Increased International Duties Change Cost of Solar in US

President Trump has approved duties of as much as 30 percent on solar equipment made outside the U.S. – equipment that currently makes up 80 percent of the supply used domestically. Four years of tariffs that start at 30 percent in the first year and gradually drop to 15 percent have been approved. The first 2.5 gigawatts of imported solar cells are exempt for each year.

“This is not a goodbye for renewable energy in the U.S.,” Fatih Birol, executive director of the International Energy Agency, said. “I don’t believe this decision will reverse the solar expansion in the U.S. The global solar industry will adjust. The penetration of solar in the U.S. will continue.”

The Solar Energy Industries Association has projected tens of thousands of job losses in a sector that employed 260,000.

“Developers may have to walk away from their projects,” Hugh Bromley, a New York-based analyst at Bloomberg New Energy Finance, said. “Some rooftop solar companies may have to pull out” of some states.

Last October, the U.S. International Trade Commission had recommended duties of 35 percent in order to raise the costs of cheap imports and level the playing field for those who manufacture the parts domestically. Nine months ago, Suniva Inc. – a bankrupt U.S. module manufacturer with a Chinese majority owner – sought similar levels of import duties on solar cells and panels asserting that it had suffered “ serious injury” from a flood of cheap panels produced in Asia. A month later, the U.S. unit of German manufacturer SolarWorld AG signed on as a co-petitioner, adding weight to Suniva’s cause.
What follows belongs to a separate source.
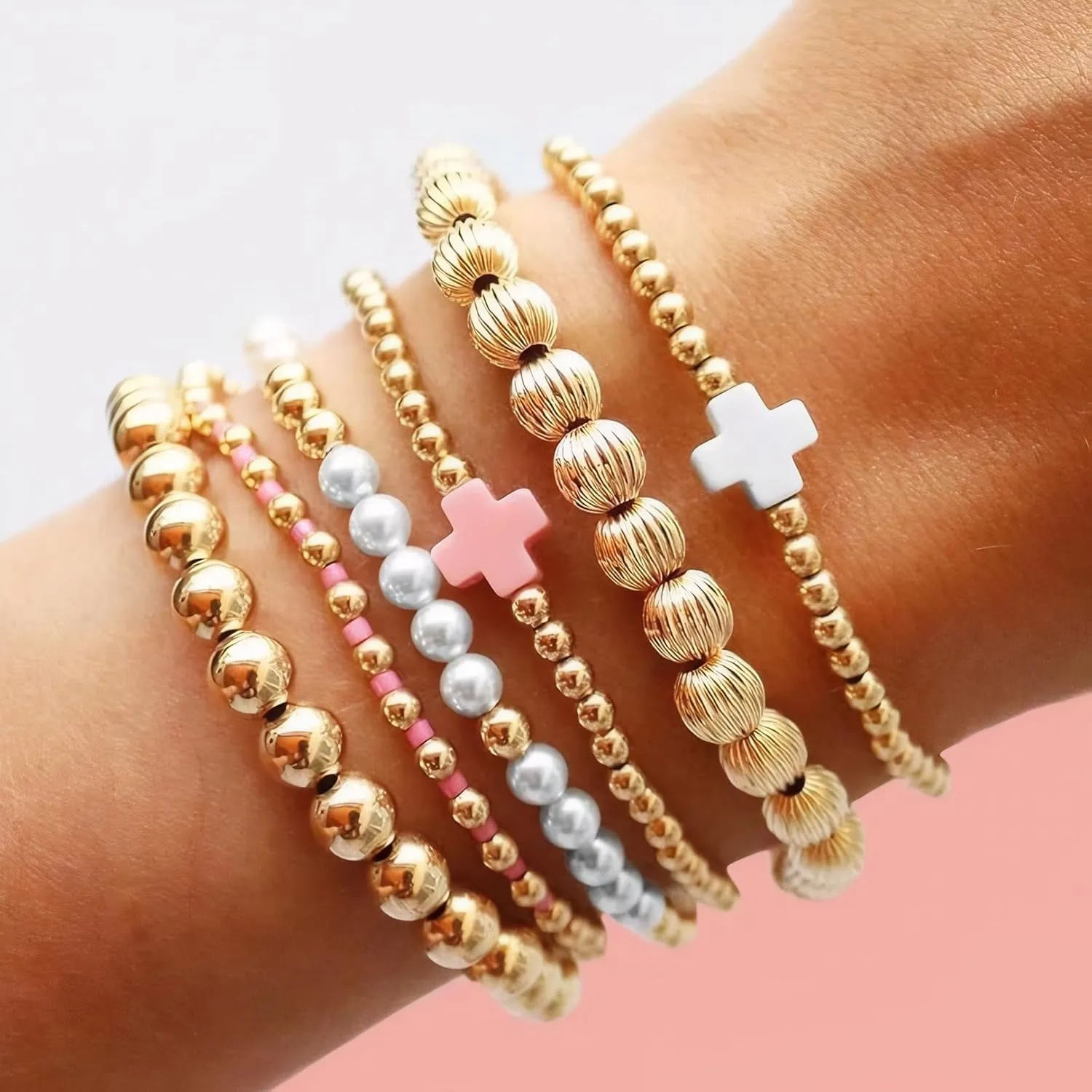 ecozran Gold Beaded Bracelets for Women Trendy Non Tarnish Gold Bracelet Stack Jewelry Sets, Paperclip and Cross Design Bracelets, Ideal as Birthday Gifts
“We are still reviewing these remedies, and are hopeful they will be enough to address the import surge and to rebuild solar manufacturing in the United States,” said Juergen Stein, president of SolarWorld Americas – one of the two U.S. manufacturers who asked the Trump administration for tariffs. “We will work with the U.S. government to implement these remedies, including future negotiations, in the strongest way possible to benefit solar manufacturing and its thousands of American workers to ensure that U.S. solar manufacturing is world-class competitive for the long term.”